Comment 10 lijiang 2022-11-21 05:14:43 UTC
Thank you for the comment, David.

It can be reproduced with the "mod -S", but cannot be reproduced with the "mod -s".

$ cat .crashrc
#1
#mod -S /home/lijiang/bz1938222/3.10.0-693.2.2.el7.x86_64
#2
mod -s virtio /home/lijiang/bz1938222/3.10.0-693.2.2.el7.x86_64/kernel/drivers/virtio/virtio.ko.debug

px ((struct request *)0xffff880fdb246000)->q->mq_ops
struct blk_mq_ops 0xffffffffc00a7160
quit

I would suggest using the "mod -s" as a workaround for now.  It's not a critical issue and may be solved
as a low priority in the future, or closed? Any thoughts?

Thanks.

Comment 11 Dave Wysochanski 2022-11-21 12:17:24 UTC
Lianbo, normally I'd agree this probably should be closed, and it still may be the right outcome.
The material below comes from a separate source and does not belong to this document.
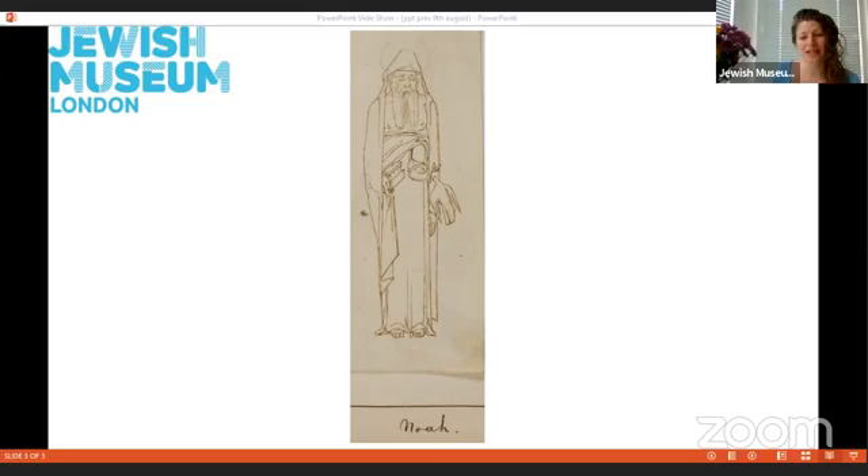For today's activity, we are going to have a go at drawing a character from one of our favourite stories. We're going to draw characters from our favourite stories today. You're going to need some paper to draw on and a pen or pencil. If you want to add any colour to your drawing, you might want some coloured pencils or felt tip pens as well. But if not, you can just use a pen and a piece of paper, just like Simeon Solomon.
One thing I didn't mention though in the previous comment is a driving force for investigating is how our vmcore system works.  Our vmcore system by default loads all modules into crash session that are listed as loaded at the time of the crash, and workaround may not be obvious.  I know similar issue has come up before too with support, though I don't know how often it does, or even if the underlying cause is the same.  So I'd lean towards at least a bit of investigation before closing.  I haven't started looking into the code but any idea on how complicated this might be?  Is this likely to be in gdb so would need patched there, or don't you have any idea?  If you don't have cycles to investigate, someone in support may be able to investigate since it impacts them and I know a few have done patches for crash-utility.
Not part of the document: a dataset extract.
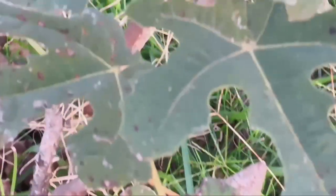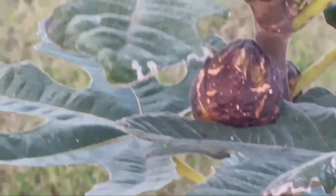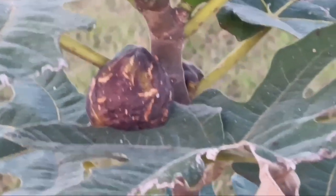We have more figs, even though these are starting to get kind of sick looking — the leaves are gonna fall off soon. But look right there, there's one. We left a couple on here so that it can produce a few seeds.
Comment 12 lijiang 2022-11-22 02:25:15 UTC
Thank you, Dave.

As we discussed, it's not an urgent issue, but this issue still affects CEE's vmcore system(when loading all modules into crash session with the "mod -S"), it would be good to fix it in the future.

For now, I'm working on high priority issues, once those issues are completed, I will try to resolve it.

But anyway, if someone is willing to work on this bug and post a patch to upstream, that will be welcome.